- Born: Raymond Stanley Tindle 8 October 1926 Streatham, London, England
- Died: 16 April 2022 (aged 95) Farnham, Surrey, England
- Citizenship: United Kingdom
- Known for: Tindle Newspapers Tindle Radio
- Spouse: Beryl Tindle
- Children: 1

= Ray Tindle =

British newspaper owner (1926–2022)

Sir Raymond Stanley Tindle (8 October 1926 – 16 April 2022) was a British newspaper and radio entrepreneur. He founded the Tindle Group of regional newspapers and radio stations.

==Early life==
Raymond Stanley Tindle was born at a nursing home in Streatham, London, England on 8 October 1926. After leaving school he went on to enlist in the 1st Battalion Devonshire Regiment, an infantry regiment in the British Army. He saw service in the Far East between 1944 and 1947, rising to the rank of captain. After wartime service he bought his first newspaper, the Tooting & Balham Gazette with his £250 demob payment.

==Career==
Tindle continued acquiring newspapers over the decades that followed, operating them as local titles. At its peak, the Tindle Group owned more than 220 publications. Tindle Newspapers Ltd now owns local papers and radio stations covering large parts of Wales, Surrey, Hampshire, Essex, Somerset, Devon and Cornwall, Ireland, the Channel Isles and the Isle of Man. Tindle attributed a great deal of the company's success to the fact it had always remained debt free. In the 1970s, Tindle was an early investor in Capital Radio. In 1998, he sold back his shares in the company to buy Island FM in Guernsey, the first local station to form part of the Tindle Radio group.
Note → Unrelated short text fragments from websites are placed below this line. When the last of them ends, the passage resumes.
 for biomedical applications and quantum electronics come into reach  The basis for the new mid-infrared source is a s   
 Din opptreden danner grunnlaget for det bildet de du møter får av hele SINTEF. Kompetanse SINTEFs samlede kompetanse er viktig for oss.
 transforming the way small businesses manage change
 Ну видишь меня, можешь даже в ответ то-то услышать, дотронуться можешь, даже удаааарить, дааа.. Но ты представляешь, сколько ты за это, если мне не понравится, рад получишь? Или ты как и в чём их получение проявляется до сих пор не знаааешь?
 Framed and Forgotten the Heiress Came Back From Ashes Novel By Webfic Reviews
He retired as chairman of the Surrey Advertiser in 1977 after 35 years and also as a director for 18 years on the main board of The Guardian & Manchester Evening News. He was chairman for ten years of the Belfast News Letter, the UK's oldest provincial daily. Tindle was elected president of the Newspaper Society – the industry's highest honour – in 1971, and was its honorary treasurer for 14 years. He completed 50 years of involvement with the Newspaper Society in 2002. He was the founder chairman of the Weekly Newspaper Bureau and also a past president of the Wessex Newspaper Association, of the Greater London Newspaper Association and of the Young Newspaperman's Association. He was a Fellow of the Chartered Institute of Arbitrators, a Fellow of the Chartered Institute of Journalists, and a member of the Guild of Editors. Tindle became Master of the Worshipful Company of Stationers and Newspaper Makers in 1985 after some 20 years of service on several committees and of the Court.
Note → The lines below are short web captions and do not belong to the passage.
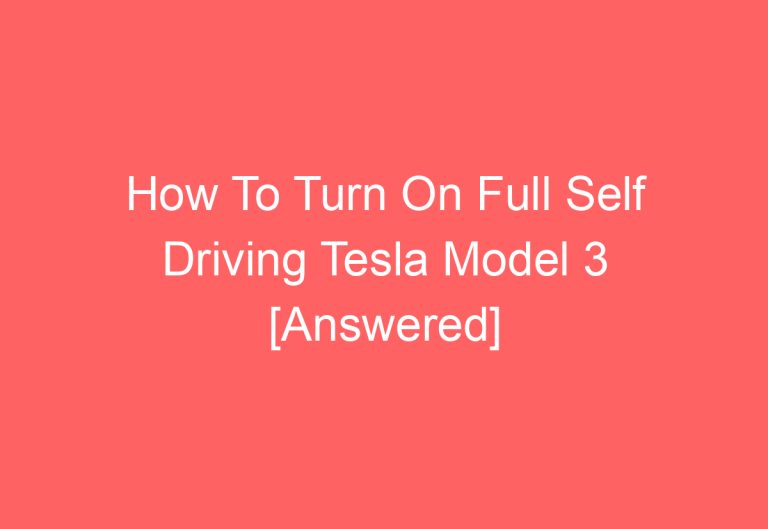 How To Turn On Full Self Driving Tesla Model 3 [Answered]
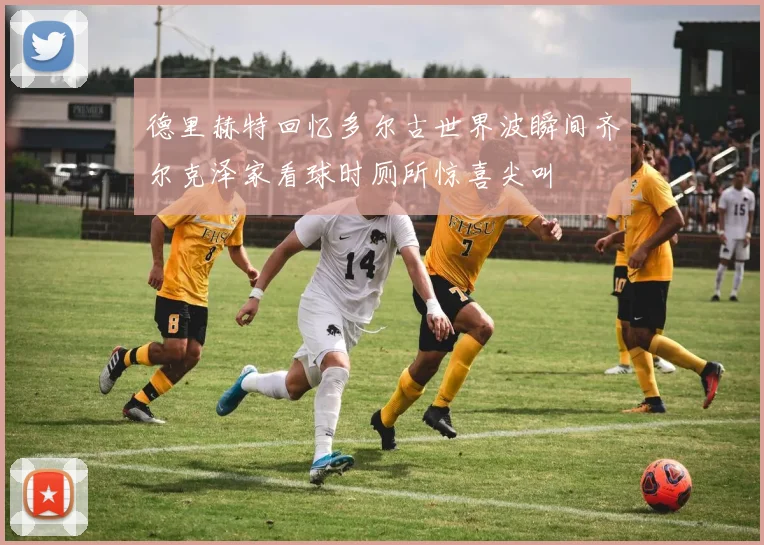 德里赫特回忆多尔古世界波瞬间齐尔克泽家看球时厕所惊喜尖叫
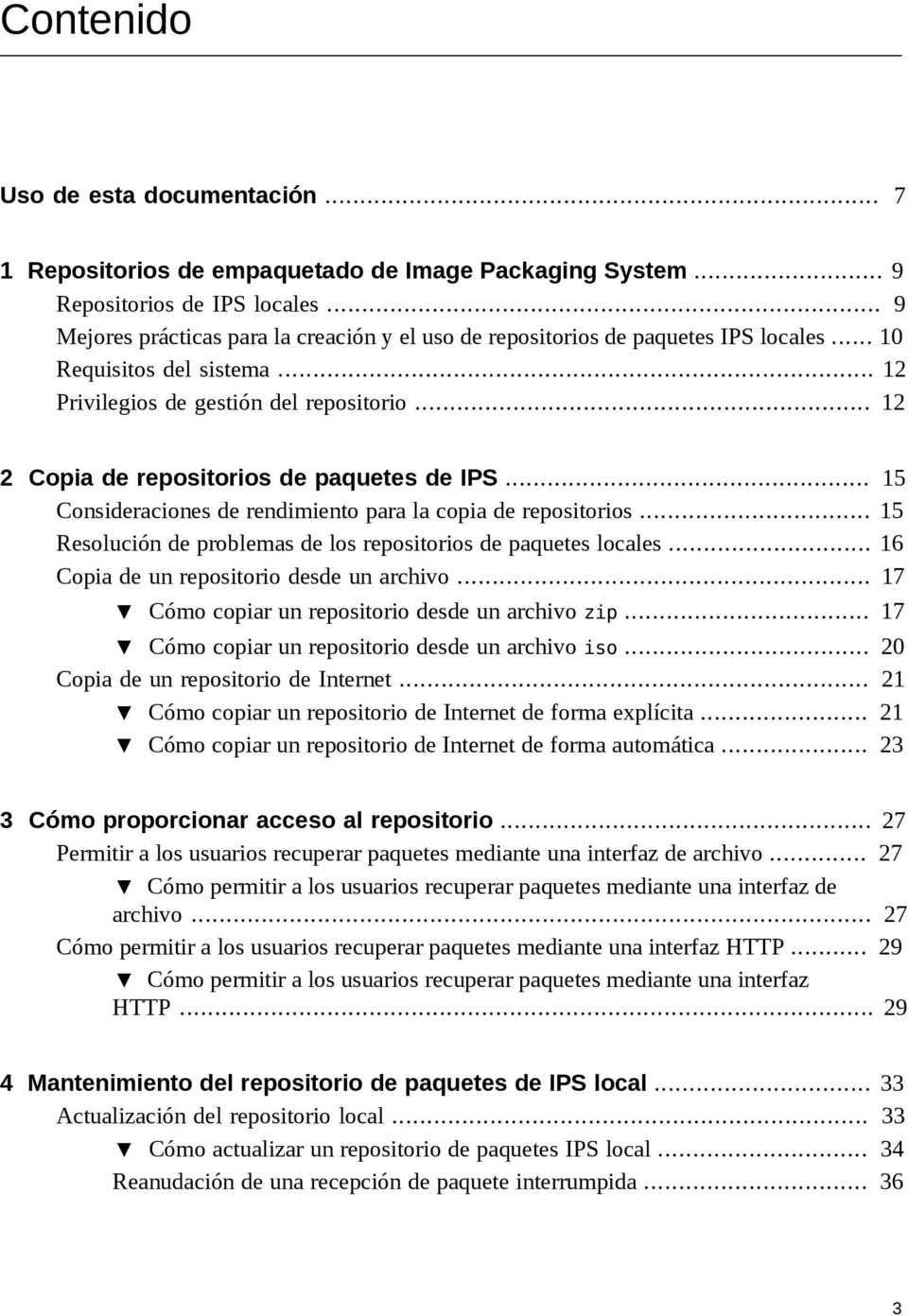 .. 12 2 Copia de repositorios de paquetes de IPS... 15 Consideraciones de rendimiento para la copia de repositorios... 15 Resolución de problemas de los repositorios de paquetes locales.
In 2017, Tindle stepped down as chairman of the company at the age of 90. He was succeeded by his son Owen, but remained the group's president until his death.

==Death==
Tindle died at his home in Farnham, Surrey, on 16 April 2022, aged 95.

==Awards==
Tindle was appointed a Commander of the Order of the British Empire (CBE) in the 1987 Birthday Honours and was knighted in 1994 for services to the newspaper industry.

Tindle was an Honorary Fellow of the Surrey Institute of Art & Design which became the University for the Creative Arts, a Doctor of Letters at the University of Buckingham and was admitted to the Degree of Doctor at the University of Surrey in 2008.